In the wet, the Orfos was not phased, nor was I until I got home and found that road grit kicked up by the tyres got into the open USB ports (probably not an issue if you are sensible and have fenders). Again though, when this was put to Peter:
“The microUSB port is a waterproof port with heavy gold plating to prevent corrosion. The product is sealed with silicone so that water can’t enter through the port. If water/dirt get in the port itself then you can rinse it out with tap water to clean it. The only thing we would warn against would be salt water, which can cause corrosion more quickly.”
And probably a big one for any system with an enclosed, unreplaceable battery – battery life. Do the batteries require full drain before recharge or can they be topped up without damaging the memory of the battery?
“The internal lithium ion batteries are LiFePO4 chemistry. This chemistry offers significantly longer lifetimes than traditional lithium ion and is inherently much safer and more reliable in harsh conditions. The chemistry is rated for a few thousand charges and there is no memory effect, so you can charge it as often as you like, whenever you like.”
Some battery stats:
Full Charge time: ~1.5 hours (usb wall charger)

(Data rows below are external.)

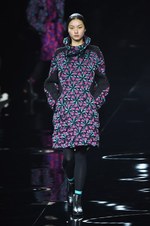 イッセイ ミヤケ 2015-16年秋冬コレクション - 喜びを運ぶ万華鏡のテキスタイル｜写真39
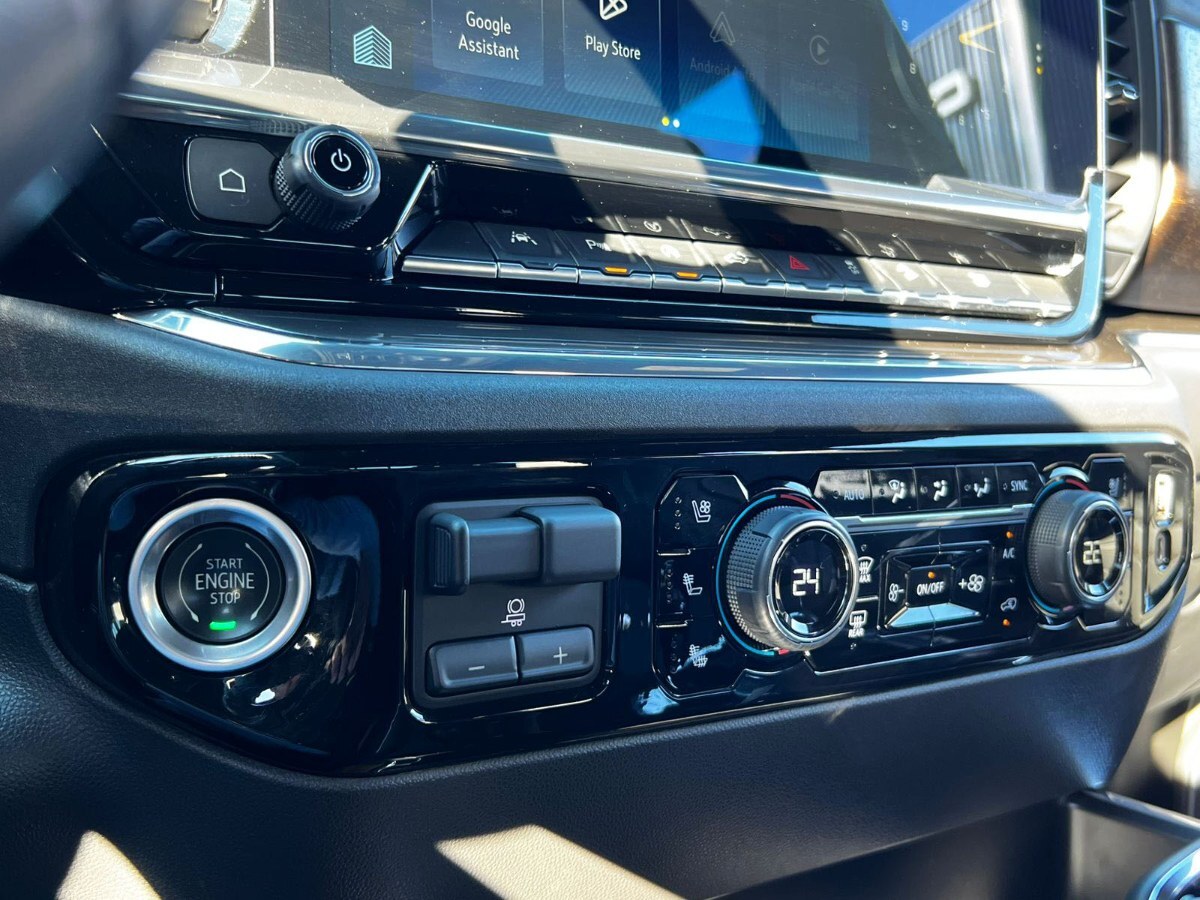 2023 Chevrolet Silverado miniatura 12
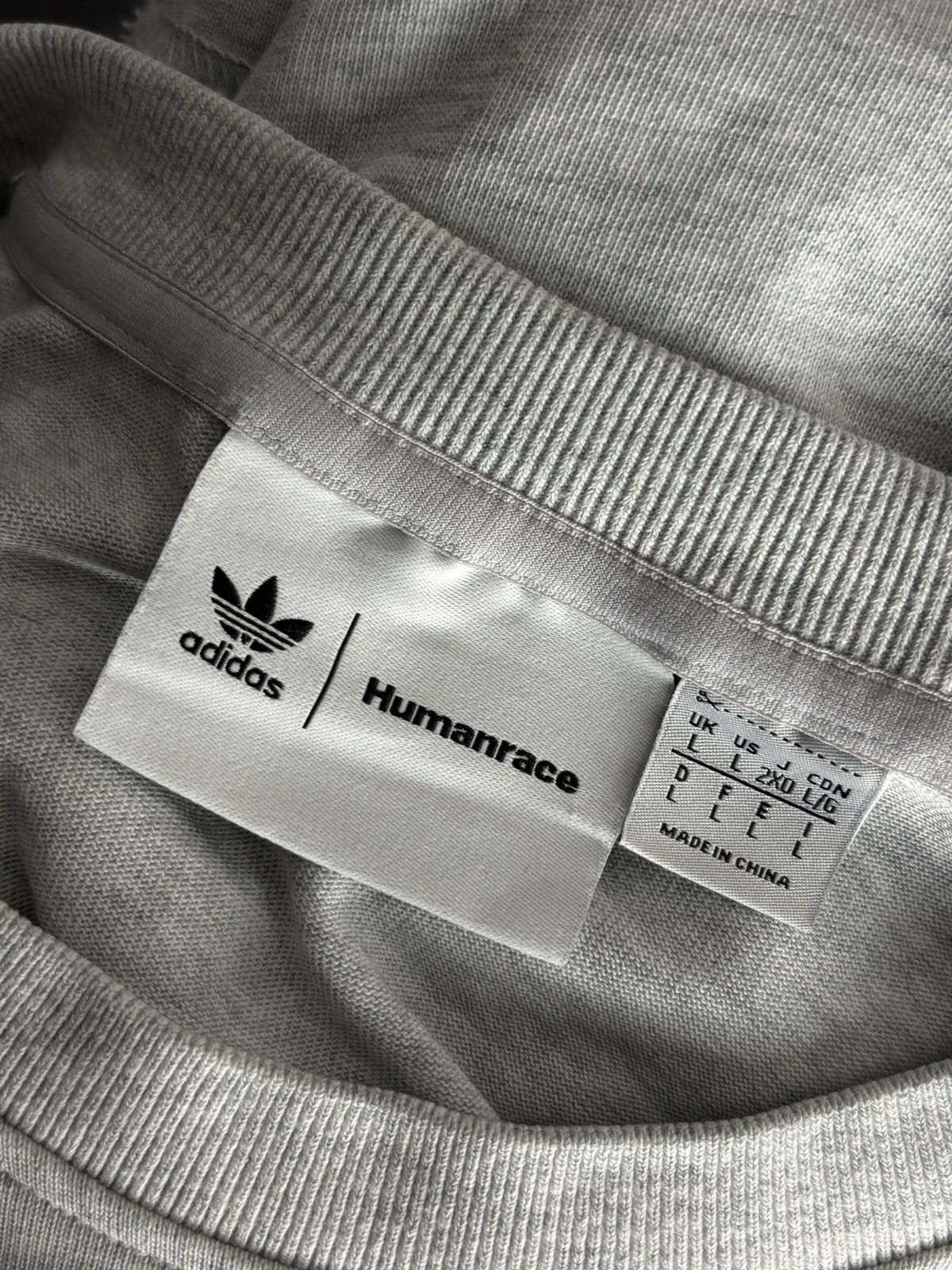 Adidas Adidas Humanrace Pharrell Williams grey logo sweatshirt Size US L / EU 52-54 / 3 - 8 Thumbnail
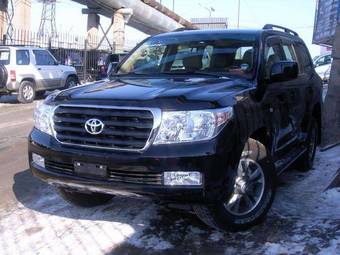 2008 Toyota Land Cruiser Pictures
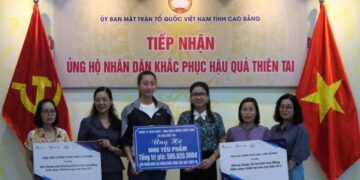 Quế Anh, CEO Phạm Kim Dung và dàn hoa hậu Sen Vàng tiếp nối hành trình chung tay khắc phục hậu quả bão lũ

Battery life: (depending on the pattern)
HIGH: 1.5-5 hours (FOR DAY USE ONLY)
MED: 4-10 hours
LOW: up to 24 Hours
At US$229 for a set (they can also be bought as a single front or rear), Orfos lights are at the premium end of the spectrum and are designed, built and marketed as such. Unlike any other light on the market though, I feel totally confident in saying that they, without a doubt, make a quantifiable difference to riding at night by transforming any rider using them from an object on the road with a pinpoint bright spot, to a fully seen one with an actual presence. Rich is the aesthete and isn’t convinced by the look of the lights or the mounting method, but even he can see beyond that because the performance and functionality far exceeds anything else!
Being designed for the demands of commuting amongst traffic, they may not be ideal for everyone in every condition, such as very fast night riding in complete darkness or off road riding, but for everyone else and dare I say it, that would be the vast majority of riders, they are more than a light, they should be a prerequisite safety device.